- Interactive map of Borail Wildlife Sanctuary
- Location: Cachar district, Assam, India
- Area: 326.24 km^{2} (125.96 sq mi)
- Established: 2004

= Borail Wildlife Sanctuary =

Wildlife sanctuary in Assam, India

Barail Wildlife Sanctuary is located in the southern part of Assam, India, in the Cachar district, and lies between 24°55΄53΄΄-25°05΄52΄΄ N latitude and 92°27΄40΄΄-93°04΄30΄΄ E longitude. The Dima Hasao part of Barail is not part of this sanctuary. The altitude ranges between 55–1500 m above mean sea level. It spreads over 326.24 km^{2}. The annual average rainfall and temperature range from 2500–4000 mm and 9.2 °C to 36.2 °C respectively; the humidity varies from 62% to 83%. Fieldworks in the Barail area were proposed as a national park or sanctuary in the 1980s.

==History==
The sanctuary consists of the North Cachar Reserved Forest and Barail Reserved Forest, located within the Cachar district. The habitat has been classified as moist tropical evergreen and semi-evergreen forests. The forest is home to a wide diversity of wildlife. Mammals found in Barail Sanctuary include slow loris, hoolock gibbon, capped langur, Assamese macaque, pig-tailed macaque, stump-tailed macaque, rhesus monkey, Himalayan black bear, Malayan sun bear, leopard cat, jungle cat, golden cat, clouded leopard, barking deer, red serow and wild pig. With more than 300 species of birds, the sanctuary is a birdwatcher's paradise. Some noteworthy species found include White-backed vulture, Slender-billed vulture, Rufous-throated and White-cheeked hill partridges, Grey peacock pheasant, Kaleej pheasant, Great pied hornbill, Oriental pied hornbill, Rufous-necked hornbill, Wreathed hornbill, and Austen's brown hornbill. Reptiles include the Burmese rock python and king cobra.

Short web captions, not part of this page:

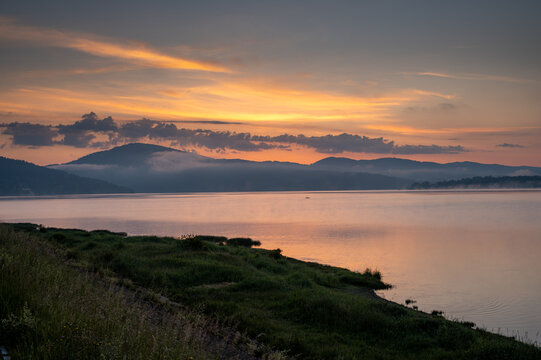 A glowing orange and golden sunrise sky reflects on a calm mountain lake with grassy shore and misty hills in the distance. Taken by Żywiec Lake.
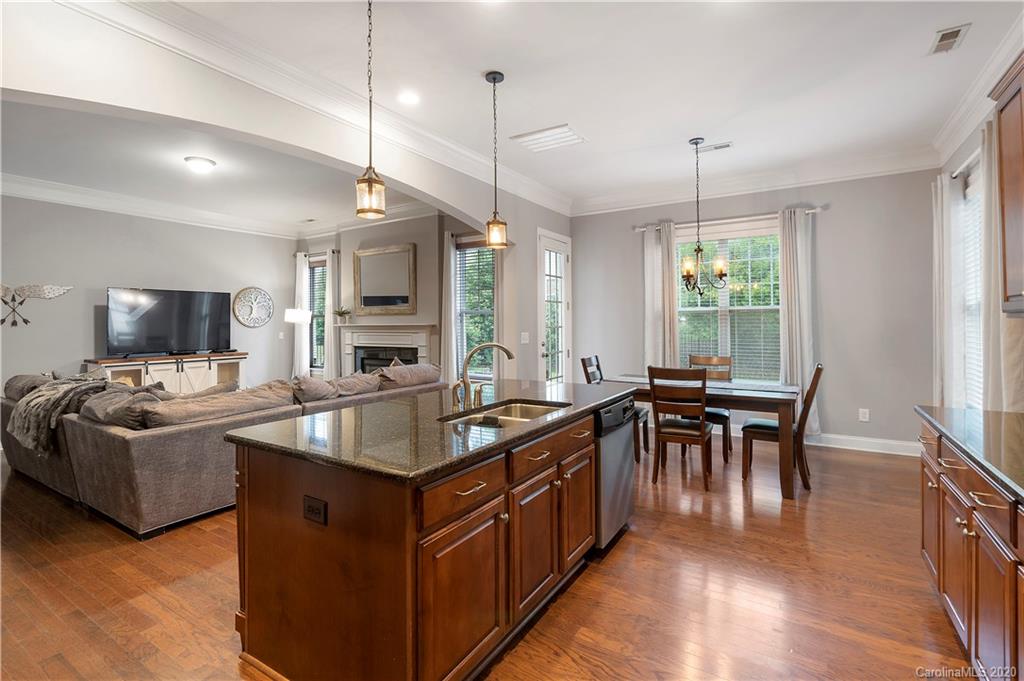 2011 Fallondale Road Waxhaw, NC 28173 - Photo 11 of 39 a kitchen with granite countertop a sink a counter top space and living room view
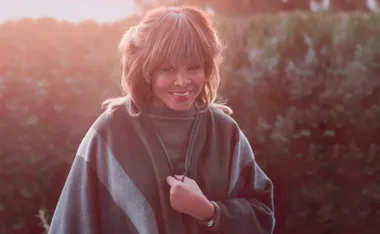 A woman stands smiling outdoors with a warm, sunlit background, wearing a cozy shawl.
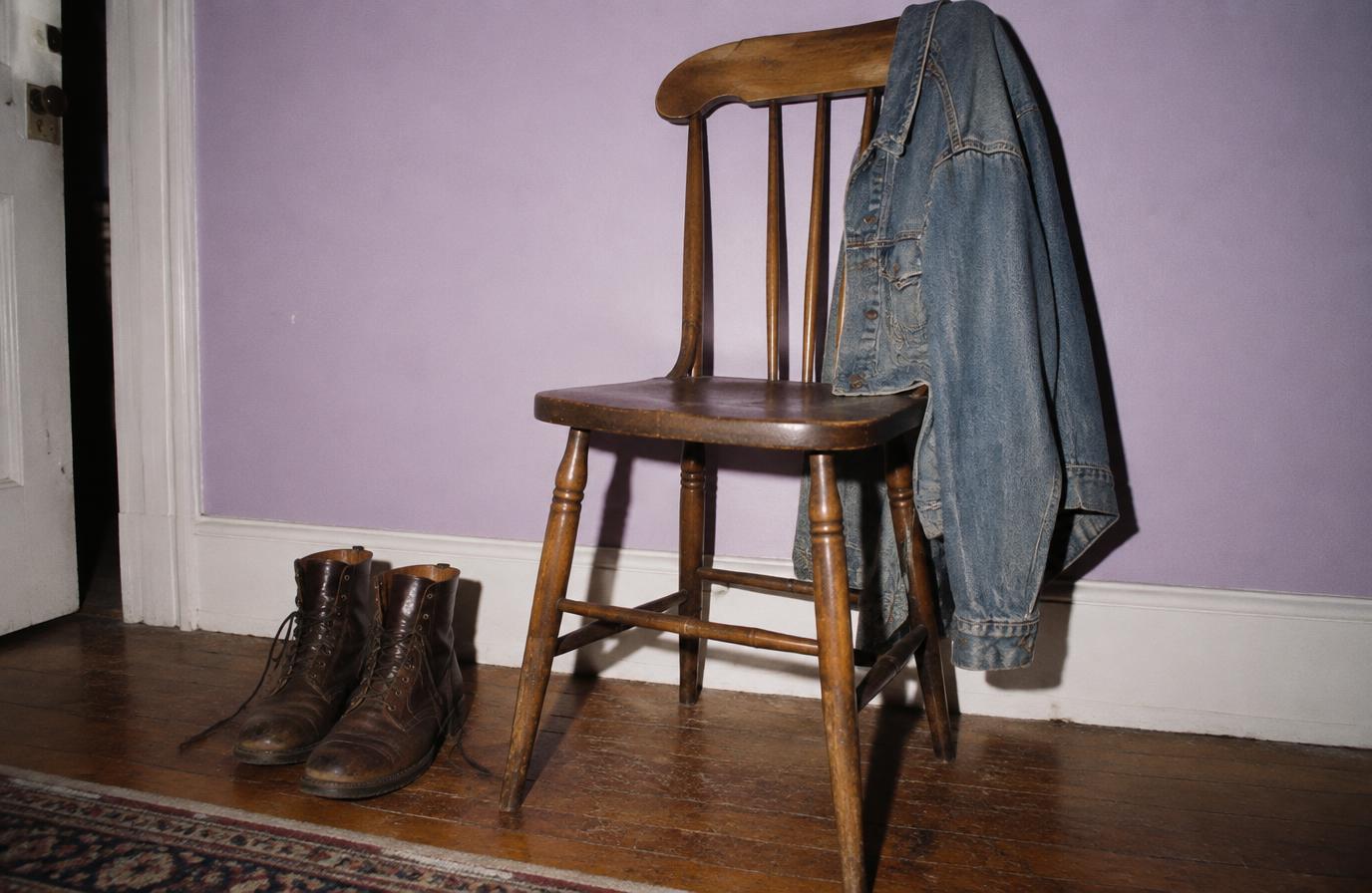 Wooden chair with a denim jacket over its back and leather boots beside it against a lilac wall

Besides the above, the sanctuary also harbors a high diversity of floral wealth, e.g., Ornithochilus cacharensis, an epiphytic orchid species, Larsenianthus assamensis a terrestrial zingiber species; Diospyros cacharensis, a small deciduous tree belonging to the family Ebenaceae; and Alseodaphne keenanii a large tree belonging to the family Lauraceae, were described for the first time for this sanctuary, and all are endemic to north-east India.

The nearest town is Silchar, which is 40 km away. The sanctuary is also a good destination for trekkers.